Good day for two service projects

Friday, June 10, was a beautiful day for BikeNewark volunteers to engage in a couple bike-related service projects.

At John R. Downes Elementary School on Casho Mill Road, three BikeNewark volunteers joined those from partnering groups to assemble and install new bike racks.

photo of volunteers assembling bike racks
photo of volunteers anchoring bike racks

At a recent BikeNewark meeting, BikeNewark’s Helga Huntley, who is on the city’s Conservation Advisory Council (CAC), asked for suggestions for additional CAC funds. Heather Dunigan, who represents both the Wilmington Area Planning Council (WILMAPCO) and the Newark Bike Project, suggested using funds for bike racks for local schools.

photo of bike racks at north end of school

Huntley’s husband Dave, who works at the University of Delaware’s Center for Environmental Monitoring & Analysis, made arrangements with the school to receive the order and organize the work crew. The City’s Jayme Gravell and Jeff Martindale and BikeNewark‘s Bob McBride and Mark Deshon joined the Huntleys to assemble and install the new racks, two adjoining racks on the southeast corner, adjacent to the school gym, and two on the northeast corner of the school.

photo of new signage for Christina Valley Stream Trail
close-up of signpost at the Church Road trailhead

Another project that was being completed today involved installation of wayfinding signage along the Christina Valley Stream Trail, from its north trailhead at Church Road to Rittenhouse Park.

BikeNewark’s Dave Saunders had worked with the Wilmington Trail Club’s Gary Kirk and Delaware State Parks’ David Bartoo to design the signage for this natural surface, single-path bike-ped trail that runs follows the Christina River in Newark.

Months earlier, the posts had been set. Today, Saunders and Kirk were adding the new wayfinding signage sleeves, which completes the project.

photo of signage at junction of trail and Downes footbridge
signage at junction of trail and Downes School footbridge

Although this trail is unsuitable for road bikes, those with mountain bikes can access this trail where it intersects BikeNewark’s Southwest Bikeway on the south side of the bikeway’s bike-ped bridge over the Christina River.

Exercise in Newark while social distancing

Check out Newark’s low-stress Central Loop Bikeway.

photo of bicyclists on Central Loop (Pomeroy Trail)Feeling restless at home? Want to get some outdoor exercise at appropriate social distances? Consider dusting off that bike in your garage and heading out along Newark’s recently signed Central Loop Bikeway*.

Wayfinding signage was introduced along this bikeway last fall as phase 1 of a multi-year project to develop a connected network of paved roads and trails in Newark, which is designed to encourage use of low-traffic, low-stress streets and off-road multiple-use pathways (like the popular James F. Hall Trail) by bicyclists of all ages.

photo of bicyclist reading wayfinding signage on Hall TrailBikeNewark has been and is working with the City of Newark’s Department of Public Works & Water Resources staff as well as its Department of Parks & Recreation to plan a network of eight bikeways. These will enable low-stress connections to in-city destinations and trails outside of Newark (such as those in White Clay Creek State Park). BikeNewark plans for its phase 2 signs to be implemented this year, comprising three new bikeways. See Bikeways plan (PDF).

photo of wayfinding signage on Orchard Rd. northbound at Winslow Rd.Newark Bikeways will also serve as the way through Newark for the East Coast Greenway (“ECG” on the signs), a designated bicycle corridor from Maine to Florida.

Local or visiting cyclists will be able to use the Newark Bikeways system as a way to travel around Newark for shopping, work, or recreation. Bicycle-specific signs designed by the Delaware Department of Transportation (DelDOT) are placed to guide them along the mix of paved off-road trails and city streets. DelDOT generously contributed the cost of the Central Loop Bikeway signs.

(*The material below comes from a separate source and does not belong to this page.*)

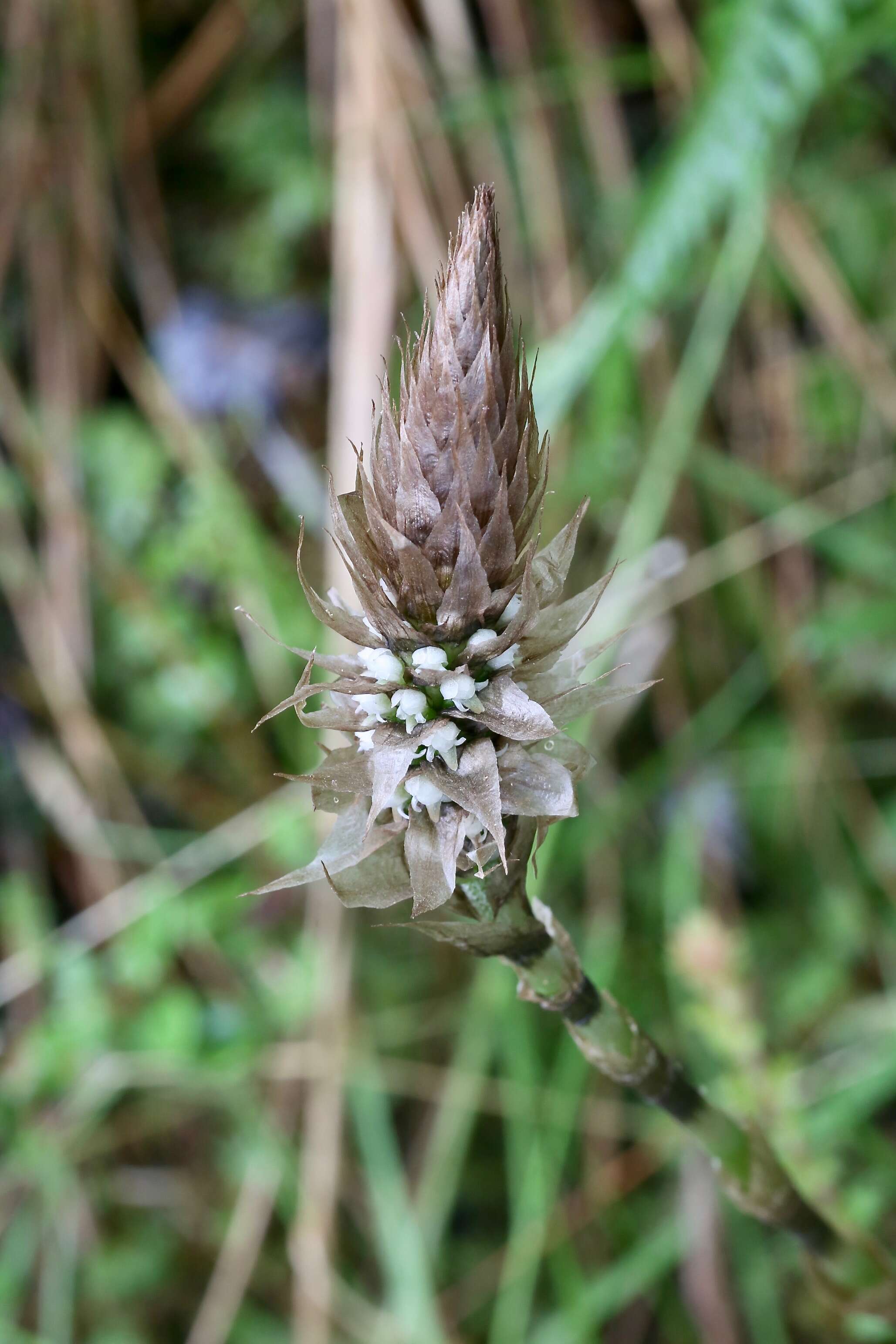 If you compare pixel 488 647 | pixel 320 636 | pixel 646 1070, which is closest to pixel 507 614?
pixel 488 647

Phase 2 signage is being made possible through proceeds from last September’s Community Fun Ride as well as generous contributions from former Newark Mayor (and BikeNewark member) Polly Sierer and the White Clay Bicycle Club.

BikeNewark is helping raise funds to cover costs of signage for the additional four planned Bikeways routes (phase 3). If you’re interested in helping fund this project, see BikeNewark.org/donate.

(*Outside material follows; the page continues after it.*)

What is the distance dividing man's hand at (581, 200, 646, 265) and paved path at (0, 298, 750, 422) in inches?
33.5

The nonprofit BikeNewark is a partnership of interested cyclists and organizations working to improve bicycling in Newark, Delaware, and a founding member of The Newark Partnership.

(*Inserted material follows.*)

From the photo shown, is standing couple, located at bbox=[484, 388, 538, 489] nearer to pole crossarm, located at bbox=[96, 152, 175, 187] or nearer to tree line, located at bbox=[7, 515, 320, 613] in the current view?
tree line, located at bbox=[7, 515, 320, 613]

graphic of Central Loop Bikeway
Central Loop Bikeway

*Note: The Central Loop includes a portion of Delaware Avenue, which we understand can’t be considered “low stress” at this time and can only legally be ridden by bicycle eastbound. When DelDOT’s next major work project in Newark is complete, Delaware Avenue will feature a two-way protected bikeway, which will make the Central Loop completely low stress in both directions.